OK means the metric is within the defined threshold. ALARM means the threshold has been breached for the required evaluation periods. INSUFFICIENT_DATA means CloudWatch does not have enough data points to evaluate. This is the starting state for a new alarm and also occurs when a metric stops reporting, such as when an EC2 instance is stopped.

What is the difference between a metric alarm and a composite alarm?

A metric alarm watches a single CloudWatch metric and fires when it crosses a fixed threshold. A composite alarm combines the states of multiple metric alarms using Boolean logic (AND, OR, NOT). Composite alarms help reduce noise by firing only when both high CPU and high error rate are in ALARM state simultaneously, rather than when either one spikes independently.

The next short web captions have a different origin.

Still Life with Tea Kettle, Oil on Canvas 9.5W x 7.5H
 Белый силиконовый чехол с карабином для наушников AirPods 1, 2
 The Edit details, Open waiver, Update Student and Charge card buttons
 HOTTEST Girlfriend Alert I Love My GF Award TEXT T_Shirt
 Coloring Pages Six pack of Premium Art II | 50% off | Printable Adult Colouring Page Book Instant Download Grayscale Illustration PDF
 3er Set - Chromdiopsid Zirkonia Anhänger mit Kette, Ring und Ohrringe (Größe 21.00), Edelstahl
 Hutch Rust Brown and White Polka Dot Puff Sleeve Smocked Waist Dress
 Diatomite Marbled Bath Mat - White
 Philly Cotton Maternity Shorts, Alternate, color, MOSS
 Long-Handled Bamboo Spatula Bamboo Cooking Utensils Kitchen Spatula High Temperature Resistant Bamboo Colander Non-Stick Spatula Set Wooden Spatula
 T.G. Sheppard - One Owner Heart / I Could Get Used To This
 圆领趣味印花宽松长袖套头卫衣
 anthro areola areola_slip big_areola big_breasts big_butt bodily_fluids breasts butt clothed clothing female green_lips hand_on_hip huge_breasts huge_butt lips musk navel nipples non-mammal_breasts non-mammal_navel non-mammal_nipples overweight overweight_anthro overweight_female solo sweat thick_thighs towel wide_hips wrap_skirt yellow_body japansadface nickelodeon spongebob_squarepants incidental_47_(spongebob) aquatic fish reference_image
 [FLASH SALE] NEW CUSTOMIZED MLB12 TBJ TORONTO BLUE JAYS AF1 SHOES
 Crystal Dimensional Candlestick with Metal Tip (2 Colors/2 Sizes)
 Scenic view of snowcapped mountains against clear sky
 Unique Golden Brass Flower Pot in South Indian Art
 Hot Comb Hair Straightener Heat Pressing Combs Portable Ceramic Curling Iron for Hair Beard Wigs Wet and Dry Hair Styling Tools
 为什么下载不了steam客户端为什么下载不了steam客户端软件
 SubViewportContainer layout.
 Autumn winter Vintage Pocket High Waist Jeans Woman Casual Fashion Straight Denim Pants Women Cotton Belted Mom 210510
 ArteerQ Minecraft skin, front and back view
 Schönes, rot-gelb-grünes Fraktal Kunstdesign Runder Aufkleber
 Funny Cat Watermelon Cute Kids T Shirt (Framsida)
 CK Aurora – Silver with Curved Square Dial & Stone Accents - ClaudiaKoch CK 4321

How often does CloudWatch evaluate alarms?

CloudWatch evaluates alarms at the end of every period you define. If your period is 5 minutes (300 seconds), the alarm is re-evaluated every 5 minutes. High-resolution alarms using 10-second or 30-second periods are evaluated at that frequency but incur higher costs.

What happens when CloudWatch data is missing?

You control this with the treat-missing-data setting. notBreaching treats missing data as within threshold, which is good for sparse metrics with genuine quiet periods. breaching treats missing data as a threshold violation, which is useful when absence of data is itself a problem. ignore keeps the current alarm state unchanged. missing transitions the alarm to INSUFFICIENT_DATA.

Last verified: 3 May 2026 Cloud services change frequently. Verify details against official documentation before making infrastructure decisions.